MOWAA Listening Sessions

MOWAA is Listening
Over the coming months, MOWAA will host a series of Listening Sessions across cities and spaces in Nigeria, West Africa and the African diaspora. Conceived as a period of reflection and exchange, the programme invites the public to shape the future of the institution by lending their voices, ideas and critiques. It is grounded in a simple conviction: that museums are not built in isolation but through ongoing conversation with the publics they serve.
The MOWAA Listening Sessions emerge from a moment that has called for careful reflection. The incident at our preview event last November was a difficult and sobering moment for the institution, as well as for the artists, collaborators and communities who have engaged with our work over the past several years. It brought into focus the extent to which cultural practice is always entangled with history, politics and civic responsibility. Engagement with heritage often brings competing perspectives into conversation, and the debates that follow are part of the broader cultural landscape in which institutions operate. Moments such as this ask institutions not only to respond, but also to reflect on how they listen, how they learn and how they remain accountable to the communities they are built to serve.
Through a series of conversations, workshops and exchanges, MOWAA’s Listening Sessions will take place from March through May, combining in-person conversations with accessible online engagement. These encounters will bring a wide range of voices into dialogue – from emerging and established artists to heritage practitioners, from committed art audiences to those who may never have visited a museum before. By gathering and interpreting the insights that emerge from these encounters, we hope to deepen our understanding of how custodianship might be imagined in a contemporary African context, and how cultural institutions can remain meaningfully embedded in civic life.
As Phillip Ihenacho, MOWAA Director, notes:
“The work of building cultural institutions, wherever they may be, is challenging, but deeply important. Museums have the potential to create spaces where history, education, culture and public life meet. Our commitment is to continue shaping MOWAA into an institution that listens carefully and grows in dialogue with the communities it serves.”

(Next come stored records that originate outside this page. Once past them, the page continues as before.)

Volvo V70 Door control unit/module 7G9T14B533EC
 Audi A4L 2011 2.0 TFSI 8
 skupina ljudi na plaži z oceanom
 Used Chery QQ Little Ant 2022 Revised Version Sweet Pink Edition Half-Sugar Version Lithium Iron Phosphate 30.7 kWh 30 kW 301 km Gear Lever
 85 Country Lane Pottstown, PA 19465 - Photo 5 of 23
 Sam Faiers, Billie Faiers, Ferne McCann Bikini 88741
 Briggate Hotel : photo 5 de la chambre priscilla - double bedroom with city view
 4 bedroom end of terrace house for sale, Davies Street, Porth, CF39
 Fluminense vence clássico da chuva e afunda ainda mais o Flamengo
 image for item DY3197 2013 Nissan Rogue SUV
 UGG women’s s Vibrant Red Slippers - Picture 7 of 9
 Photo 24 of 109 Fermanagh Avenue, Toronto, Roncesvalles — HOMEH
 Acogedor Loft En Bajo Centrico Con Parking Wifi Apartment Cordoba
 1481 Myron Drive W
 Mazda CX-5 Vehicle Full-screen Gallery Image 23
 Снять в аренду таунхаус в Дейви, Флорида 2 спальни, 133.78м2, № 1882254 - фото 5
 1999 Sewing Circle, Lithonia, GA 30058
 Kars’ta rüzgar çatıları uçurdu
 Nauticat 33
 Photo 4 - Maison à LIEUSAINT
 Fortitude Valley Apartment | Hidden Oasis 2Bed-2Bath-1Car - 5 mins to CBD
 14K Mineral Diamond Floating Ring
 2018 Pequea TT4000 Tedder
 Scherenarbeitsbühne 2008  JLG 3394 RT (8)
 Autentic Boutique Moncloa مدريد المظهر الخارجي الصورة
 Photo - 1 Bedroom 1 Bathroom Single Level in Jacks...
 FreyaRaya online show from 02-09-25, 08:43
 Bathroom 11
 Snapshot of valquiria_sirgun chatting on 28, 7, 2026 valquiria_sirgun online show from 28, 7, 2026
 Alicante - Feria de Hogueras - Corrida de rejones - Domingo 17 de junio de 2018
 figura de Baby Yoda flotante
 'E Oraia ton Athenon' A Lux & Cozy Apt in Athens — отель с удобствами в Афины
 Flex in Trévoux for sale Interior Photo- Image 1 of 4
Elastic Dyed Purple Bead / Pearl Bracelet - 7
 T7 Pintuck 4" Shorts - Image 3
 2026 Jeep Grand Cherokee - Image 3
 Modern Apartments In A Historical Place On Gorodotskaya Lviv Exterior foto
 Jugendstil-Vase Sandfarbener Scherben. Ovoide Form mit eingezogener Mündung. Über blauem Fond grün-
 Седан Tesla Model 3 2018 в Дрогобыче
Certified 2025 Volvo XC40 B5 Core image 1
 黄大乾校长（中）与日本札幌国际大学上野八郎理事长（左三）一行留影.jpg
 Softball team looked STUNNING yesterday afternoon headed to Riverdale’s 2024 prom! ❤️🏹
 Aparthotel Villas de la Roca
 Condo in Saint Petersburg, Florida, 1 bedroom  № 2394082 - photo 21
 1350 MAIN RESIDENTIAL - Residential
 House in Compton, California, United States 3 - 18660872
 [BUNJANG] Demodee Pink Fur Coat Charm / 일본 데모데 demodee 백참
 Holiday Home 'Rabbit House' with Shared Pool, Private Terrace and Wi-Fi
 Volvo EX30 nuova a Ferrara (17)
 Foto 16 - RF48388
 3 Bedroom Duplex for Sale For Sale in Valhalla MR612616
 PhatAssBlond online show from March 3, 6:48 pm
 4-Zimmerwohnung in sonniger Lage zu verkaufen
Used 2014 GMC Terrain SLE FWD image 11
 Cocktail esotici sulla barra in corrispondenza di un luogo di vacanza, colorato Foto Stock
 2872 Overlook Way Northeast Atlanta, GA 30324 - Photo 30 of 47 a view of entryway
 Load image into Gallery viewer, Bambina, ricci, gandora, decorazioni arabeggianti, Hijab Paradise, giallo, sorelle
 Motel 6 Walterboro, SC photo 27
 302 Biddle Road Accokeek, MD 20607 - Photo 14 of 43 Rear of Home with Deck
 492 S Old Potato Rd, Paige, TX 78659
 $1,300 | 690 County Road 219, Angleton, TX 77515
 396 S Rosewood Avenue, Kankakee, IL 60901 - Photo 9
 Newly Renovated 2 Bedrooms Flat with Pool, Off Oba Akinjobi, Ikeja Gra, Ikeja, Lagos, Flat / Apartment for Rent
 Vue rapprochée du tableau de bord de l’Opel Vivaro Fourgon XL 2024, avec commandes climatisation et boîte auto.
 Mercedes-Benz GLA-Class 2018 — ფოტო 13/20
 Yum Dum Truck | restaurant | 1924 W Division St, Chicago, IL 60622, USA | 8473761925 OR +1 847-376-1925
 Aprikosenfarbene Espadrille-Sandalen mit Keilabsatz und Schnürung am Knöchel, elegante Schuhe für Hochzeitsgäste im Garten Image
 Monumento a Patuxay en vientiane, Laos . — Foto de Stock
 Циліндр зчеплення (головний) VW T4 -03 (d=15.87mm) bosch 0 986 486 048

The first activation of MOWAA’s Listening Sessions took place this past weekend in Lagos, Nigeria at the +234 Art Fair. Titled The Forum, we created an open platform for visitors to reflect on what cultural institutions can be, what they should represent and whom they should serve. Over the course of several days, hundreds of participants contributed their perspectives, in writing and through audio recordings, offering reflections that ranged from personal experiences of heritage and belonging to broader questions about access, representation and institutional responsibility. Conceived as an itinerant platform, The Forum will travel between cities as part of MOWAA’s broader Listening Sessions programme,
As Ore Disu, Director of the MOWAA Institute, reflects:
“Museums are often understood as places where knowledge is presented to the public, but institutions are also shaped by the publics they serve. From its inception, MOWAA has sought to listen through workshops, conversations and collaborations with artists and communities. Every culture has its own way of listening, and transmitting ideas through storytelling, orality and acts of coming together. This iteration of the Listening Sessions embraces approaches intuited in our African traditions and builds on ourpast work of active listening, influencing how we learn as MOWAA continues to take shape.”